Выпад подействовал: Нелли замолкла, злобно уставившись на дочь.

* * *

Их квартира когда-то принадлежала знаменитой оперной певице Корсаковой. Чего только о ней не рассказывали, кого только не записывали ей в любовники! И Сталина, и Берию, и каких-то маршалов… Впрочем, Берия тоже был маршалом. Ну так еще парочку до кучи.

Корсакова дожила до весьма преклонного возраста, похоронила всех своих домработниц и приживалок. А когда она – дряхлая и беспомощная – осталась совсем одна, к ней, рассказывали недоброжелатели, и втерлась в доверие молодая да ранняя Нелли Полонская. Клялась, что будет ухаживать, как за родной матерью. С мужем фиктивно развелась и сумела-таки прописаться в квартире Корсаковой.

В результате выжившая из ума и полуослепшая старая певица подписала какую-то бумагу да и отправилась в Дом ветеранов сцены. Нелли задурила ей голову, сказала, что отправляет ее в санаторий на месяц, только забрать подопечную из «санатория» забыла.

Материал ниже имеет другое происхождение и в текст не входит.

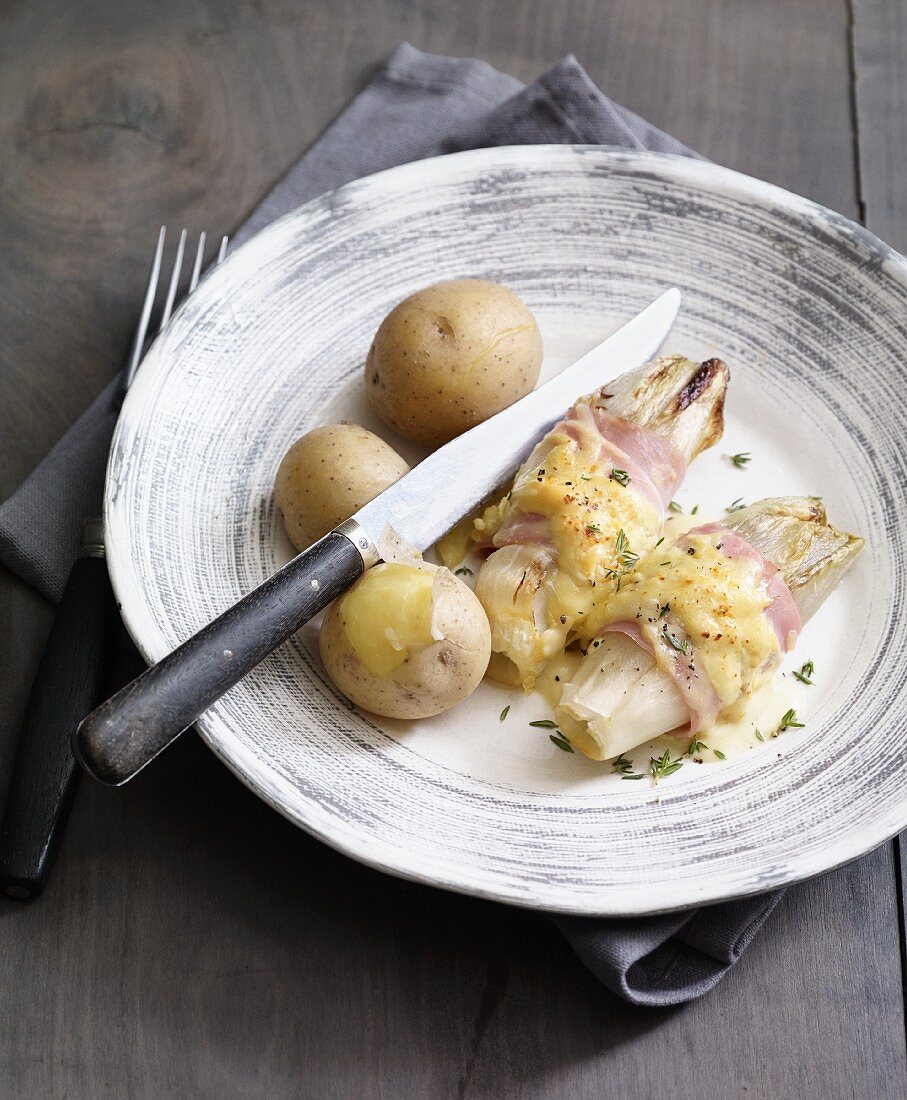 Gratinated chicory wrapped in ham with new potatoes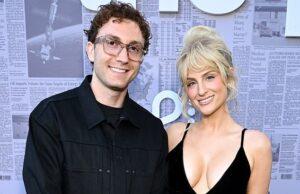 News Room : Meghan Trainor secretly welcomes third child with husband Daryl Sabara via surrogate… as couple gives first look at newborn daughter Smart man and woman posing for photo at media event in front of newspaper backdrop.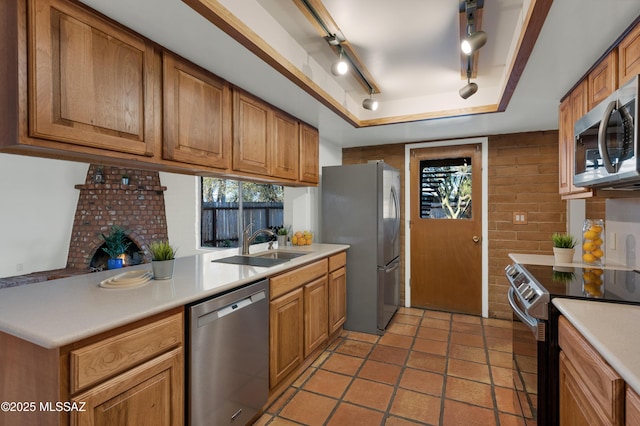 kitchen with a raised ceiling, light countertops, appliances with stainless steel finishes, brown cabinetry, and a sink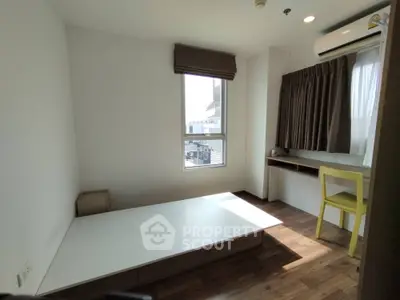 Cozy bedroom with natural light, featuring a minimalist design and wooden flooring, perfect for modern living.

Там Корсакова вскоре и умерла, а ее сказочные старинные драгоценности, антикварная мебель и, главное, сама квартира – роскошная квартира в сталинском небоскребе на Котельнической набережной – перешли к молодой наследнице.

Нашлись энтузиасты, желавшие оспорить завещание. Сколотили инициативную группу, ходили куда-то, ходатайствовали, рассылали бумаги… Хотели превратить квартиру в мемориальный музей. Опасность грозила только с одной стороны: государство охотно присвоило бы золото и драгоценности, не говоря уж о квартире. Но Нелли нашла ловкого адвоката, и он объяснил восторженным почитателям таланта Корсаковой, что оспорить завещание можно лишь в том случае, если оперную диву официально признают невменяемой. Она уже мертва, освидетельствовать ее невозможно, да и нужна ли ей столь сомнительная посмертная слава? Энтузиасты отступились.

Лина тогда была еще совсем малышкой и ничего этого не знала, но история аукнулась, когда ей исполнилось уже лет двенадцать. Они пошли всей семьей в Большой театр на премьеру, и в антракте произошла безобразная сцена: какая-то восьмидесятилетняя старуха, страшная, как ведьма, даже с торчащим зубом, отхлестала по щекам ее мать.